A glorious walk through the valley of Wanlock Water brought me to the signpost that marks the main route of the Southern Upland Way as it comes down into the valley, so in amongst the remains of lead mining that used to be undertaken in this valley, I turned right to cross the river and retrace my steps up the side of the hill on a well-engineered path that slowly climbs Glengaber Hill. The grassy path took me over the hill and down into the valley of Cogs Burn passed the ruins of Cogshead, but of more interest to me was the word that appeared on the next signpost, ultreia, which indicates that ahead is the location of a kist, though not precisely where. There are many of these sculptured kists on the Southern Upland Way and inside is a hoard of hidden treasure, specially minted coins that you can collect if you can find the kist. When I passed through Cogshead last year I was unable to find the kist at Cogshead despite much searching so I was keen have another attempt now and walked up and down the track several times carefully hunting for it until eventually the location was given away by a plastic tub on the ground. The coins are often stored inside the kists in containers such as these and looking up I immediately saw the kist hidden away. Inside were some coins and the lid for the tub, however I didn’t take one as I already had a coin for Cogshead having found it at the next kist on the Eastern Lowthers. I returned the coins to the plastic tub and put that back into the kist before heading off along the Southern Upland Way happy to have found the kist.

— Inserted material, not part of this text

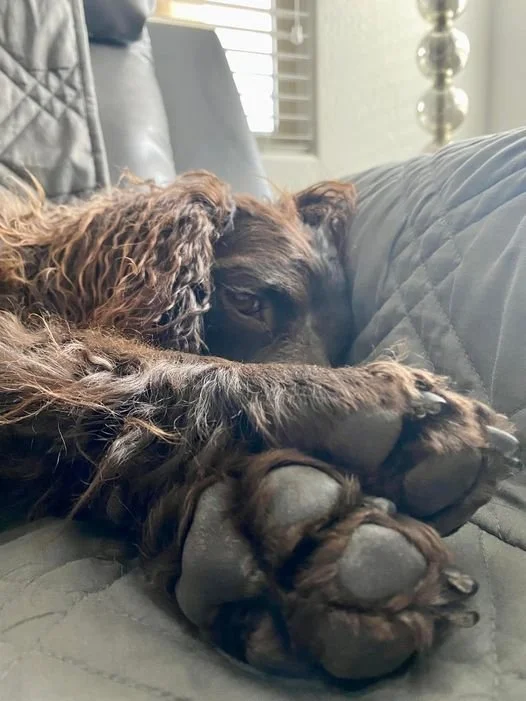Talk to the paw - - 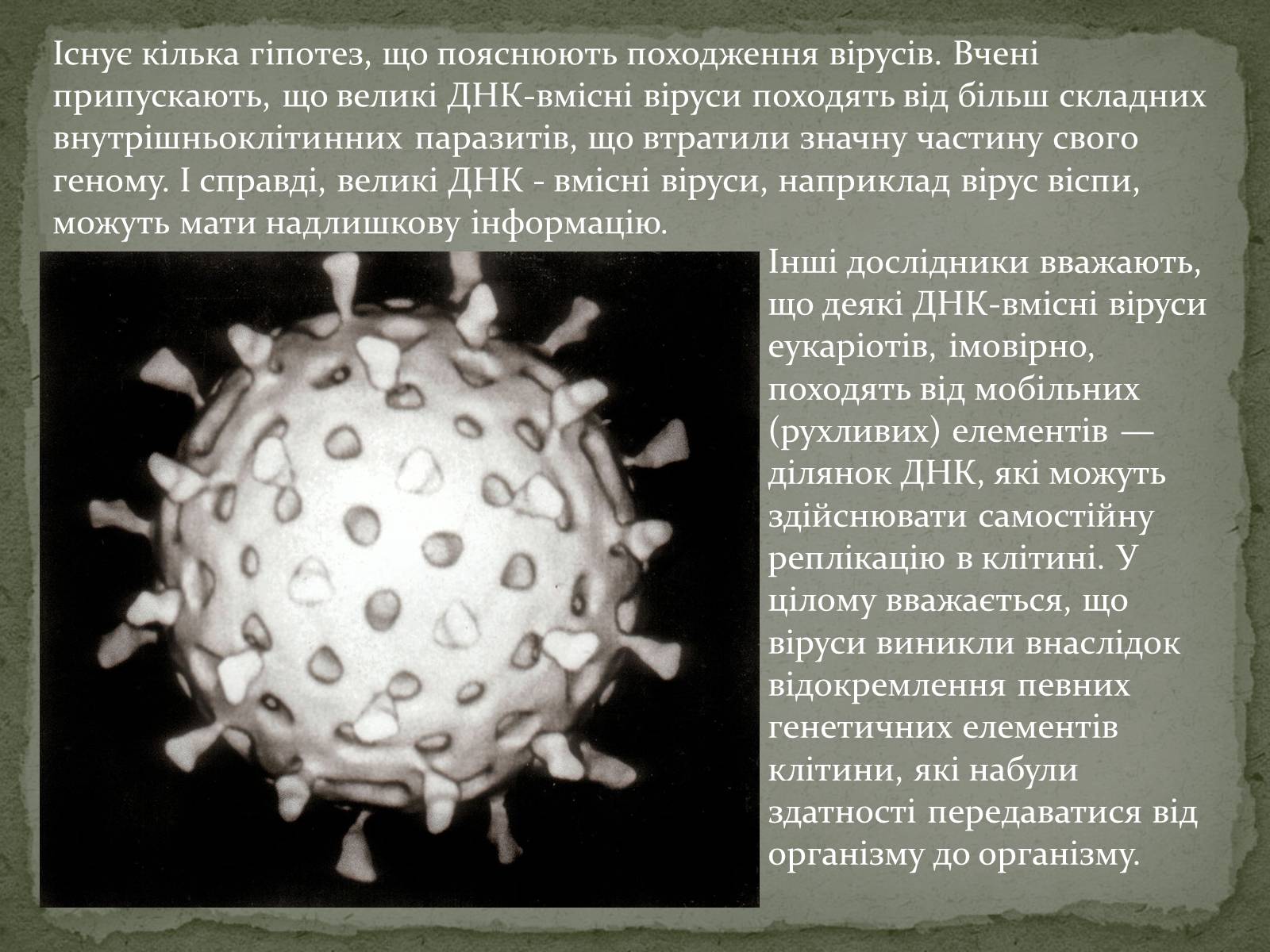 Презентація на тему «Віруси, їхня будова, життєвий цикл» (варіант 2) - Слайд #4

I now resumed my walk by taking the alternative route of the Southern Upland Way, which branches off the main route at Cogshead, with lingering looks behind me of the isolated valley head as I followed the track slowly climbing out of the valley. In sunny, but windy, weather I had a relaxing walk along forestry tracks whose only obstacles were two locked gates that I had to climb over and eventually brought me back to my car. This was a lovely walk but a little too short, though that just meant I was able to spend time in Sanquhar looking around the Tolbooth Museum. The weather was good once the rain had cleared and I enjoyed the opportunity to revisit places that I had visited while on the Southern Upland Way last year, and especially finding the kist that I had failed to find before. The day after I started to do a walk up the Eastern Lowthers starting from the top of the Dalveen Pass, initially to look for the kist there as, although I found it last year, the coin I took away with me was actually the one for Cogshead. It was sunny when I started but dark clouds soon came over and by the time I reached the kist it was raining heavily. When I found kist was empty, no coins, my enthusiasm for a walk was ruined. The ever-present, strong winds were making walking very tiring despite hoping that I would be sheltered from the westerlies on the eastern slopes of the Lowther Hills, so I abandoned the walk just as I had done with many hill walks on this holiday and drove home.